Blues in the Night *** Well Paced, Fast Action
Interesting film by director Anatole Litvak creating film-noir with a musical.
Two future excellent directors, Richard Whorf, who bore a strong resemblance to Robert Taylor, and Elia Kazan star. Kazan was also in Litvak's 1940 film "City for Conquest."
The picture has an excellent cast. A group of musicians led by Jigger (Whorf) meet up with gangster Lloyd Nolan while hitching a ride on a train. Nolan likes them when they don't turn him in despite the fact that he holds them up for $5.00!
He brings them to a Road House where the group perform. We have some great musical settings here and the various montage depiction is excellent.

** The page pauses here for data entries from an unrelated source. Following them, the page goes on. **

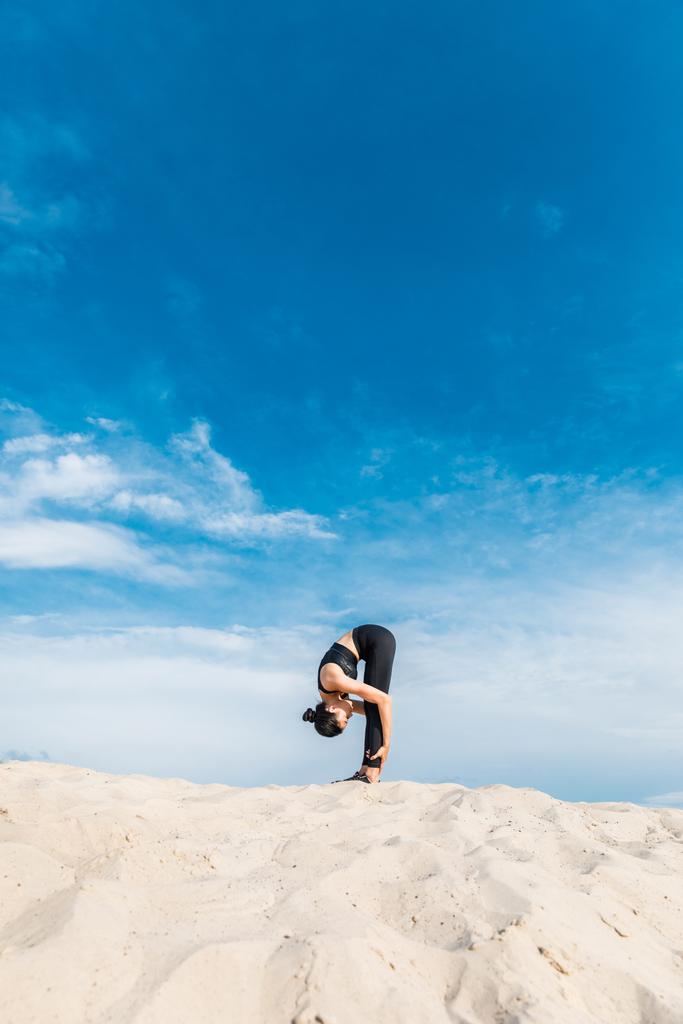 Frau praktiziert Yoga  - Foto, Bild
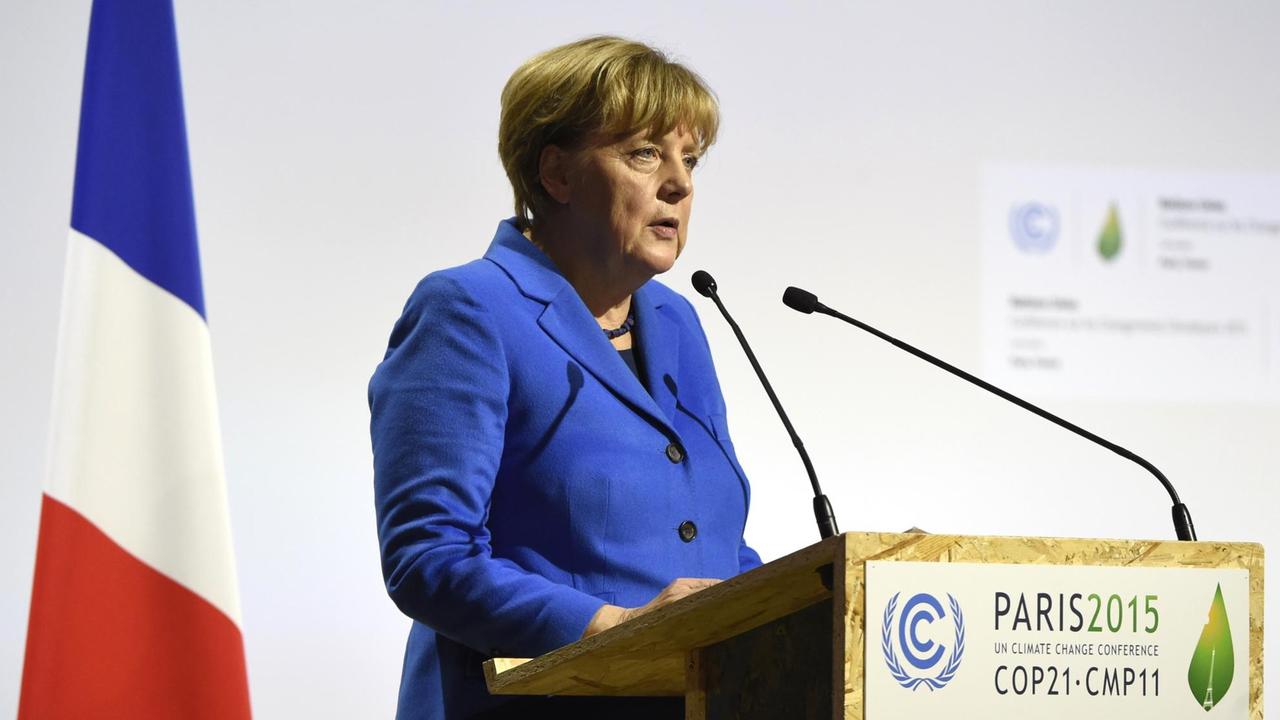Bundeskanzlerin Merkel bei ihrer Eröffnungsrede auf der Weltklimakonferenz in Paris.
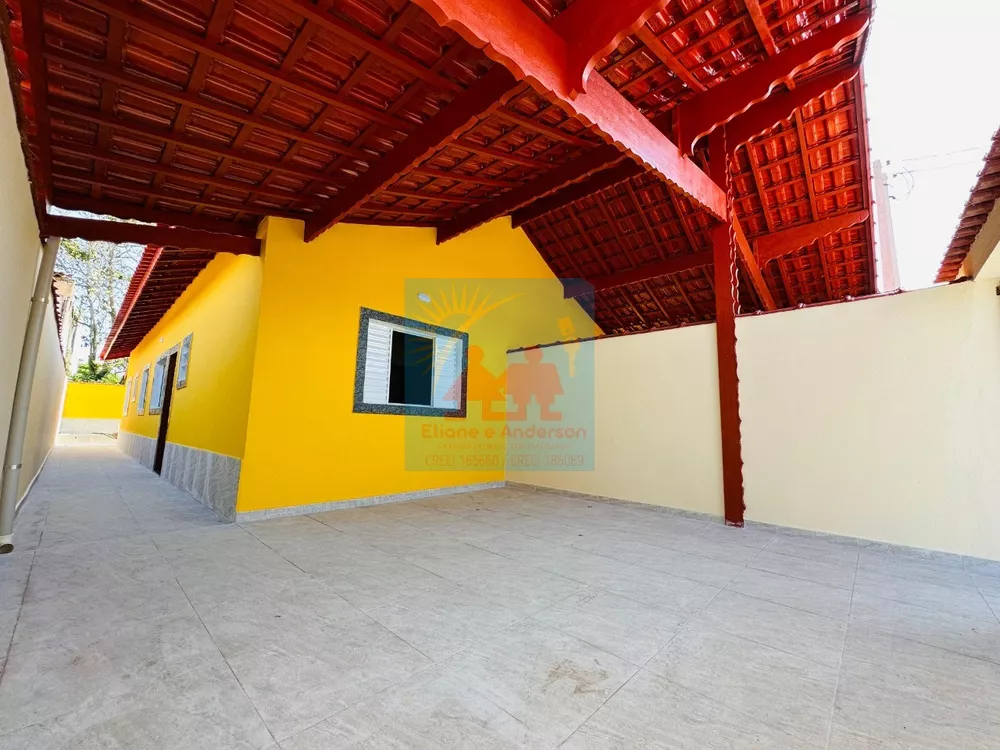 Casa à venda com 2 quartos, 125m² - Foto 2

The film is extremely well paced. There is never a dull moment. He moves beautifully from film noir to musical and back to film noir again.
In addition, there is a terrific performance by Bette Field as a Road House girl in love with Nolan, who spurns her. Whorf is hopelessly in love with her and her rejection of him leads to his mental breakdown. How ironic that 16 years after this film, Nolan and Field both appeared in the 1957 film "Peyton Place" but had no scenes together. Field is both catty and quite vicious in this film. It's her viciousness that shall prove to be her undoing.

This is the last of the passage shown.